Receiver operating characteristics (ROC), is one of the most popular evaluation techniques for Machine Learning models. Mainly started in the domain of Medical Diagnosis, ROC has become very popular among Machine Learning Researchers.
It’s a very nice technique to visualize the mode performance & depict the tradeoff between the true prediction and false alarm rate. While in the preliminary phase of Machine learning domain everyone uses ‘Accuracy’ as the model performance, but Accuracy has some serious issue in its definition itself. Before going into deeper it’s time to be familiar with some terms that we will deal with in the rest of the article. Suppose we want to make a machine learning model that we will use for cancer detection.
True Positive is the count of model’s correctly predicting cancer patients, False Positive is the count of a noncancer patient is classified as having cancer, True negative is the count of noncancer patients properly classifies as not having cancer and False negative is the count of cancer patient classified as not having cancer.
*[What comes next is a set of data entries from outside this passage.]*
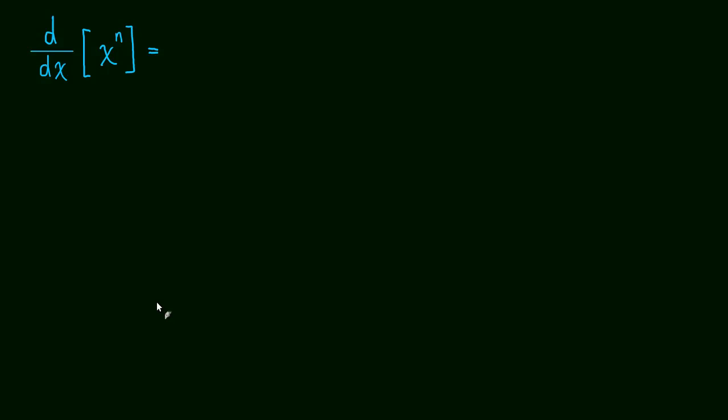Taking the derivative of x to a power is so easy that you're just going to love this if you don't already know the power rule. To take the derivative of x to any power, to any exponent, you bring the exponent down and multiply by x, and then you subtract 1 from the exponent.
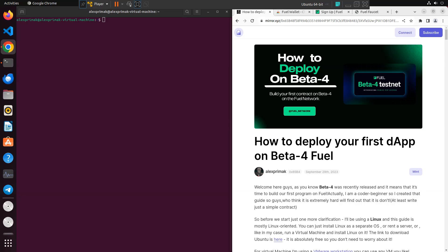Welcome here guys to my channel. Today I'm gonna talk to you about deploying, especially how to deploy your first smart contract on Beta-4. As you know, Fuel recently released Beta-4 which is available for developers right now and we'll talk about deploying your first smart contract.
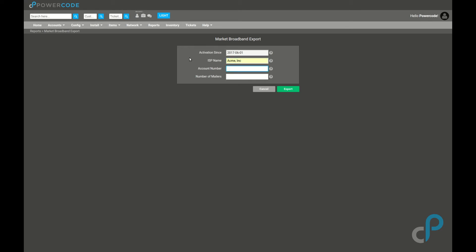Account number, same thing. Your Market Broadband account number is going to be whatever that is. And number of mailers, it's part of the Market Broadband template. You can contact them for more information on how to set this, but it's going to be a number. I'm going to say 20.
These measures are very important for any model and people use confusion matrix or contingency table to represent them.
 |
| Figure A, Confusion Matrix |
Now, coming back to the problem of accuracy , Accuracy is defined as :(TP + TN) / Total Points under test
Now under most of real world cases TN counts is very large, just like people not having cancer is very large relative to cancer patients & this is prior information. While measuring the model performance, doctors are interested in how many actual cancers patients are properly classified & that why mainly the model was built. But if we look at the definition of accuracy, even if TN counts is high that makes the accuracy high but not actually making a good sense of the performance of the model.Also what if we are dealing with multiclass classification problem and class are not necessarily balanced. So we need something smarter.
ROC Space:
 |
| Figure B, classification on threshold |
Before staring details of ROC space , lets have an understanding how we plot ROC.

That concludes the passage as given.